Assigned task -
Please retype the records below exactly, from the first line down to and including the line with "55 Телевизор KIVI".

Exercise data -
= = = = =
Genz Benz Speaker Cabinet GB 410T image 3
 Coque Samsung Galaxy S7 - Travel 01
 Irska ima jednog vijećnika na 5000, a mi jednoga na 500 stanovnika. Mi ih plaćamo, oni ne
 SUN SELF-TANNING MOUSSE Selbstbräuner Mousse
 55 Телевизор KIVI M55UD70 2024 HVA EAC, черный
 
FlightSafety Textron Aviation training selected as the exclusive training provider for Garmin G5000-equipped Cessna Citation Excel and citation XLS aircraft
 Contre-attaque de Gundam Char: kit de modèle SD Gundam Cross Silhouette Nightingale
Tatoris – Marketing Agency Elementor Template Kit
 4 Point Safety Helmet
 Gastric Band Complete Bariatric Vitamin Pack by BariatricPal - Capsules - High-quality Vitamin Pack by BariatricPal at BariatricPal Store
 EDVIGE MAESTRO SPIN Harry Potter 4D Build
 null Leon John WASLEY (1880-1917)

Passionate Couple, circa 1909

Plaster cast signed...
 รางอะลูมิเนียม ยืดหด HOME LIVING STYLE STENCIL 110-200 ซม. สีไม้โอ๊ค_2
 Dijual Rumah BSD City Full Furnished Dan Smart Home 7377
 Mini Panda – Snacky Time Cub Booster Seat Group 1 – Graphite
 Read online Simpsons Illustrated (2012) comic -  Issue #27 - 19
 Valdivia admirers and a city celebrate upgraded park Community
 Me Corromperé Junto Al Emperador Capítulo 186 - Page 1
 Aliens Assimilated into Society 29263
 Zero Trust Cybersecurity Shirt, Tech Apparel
= = = = =
Response to this task -
Genz Benz Speaker Cabinet GB 410T image 3
 Coque Samsung Galaxy S7 - Travel 01
 Irska ima jednog vijećnika na 5000, a mi jednoga na 500 stanovnika. Mi ih plaćamo, oni ne
 SUN SELF-TANNING MOUSSE Selbstbräuner Mousse
 55 Телевизор KIVI M55UD70 2024 HVA EAC, черный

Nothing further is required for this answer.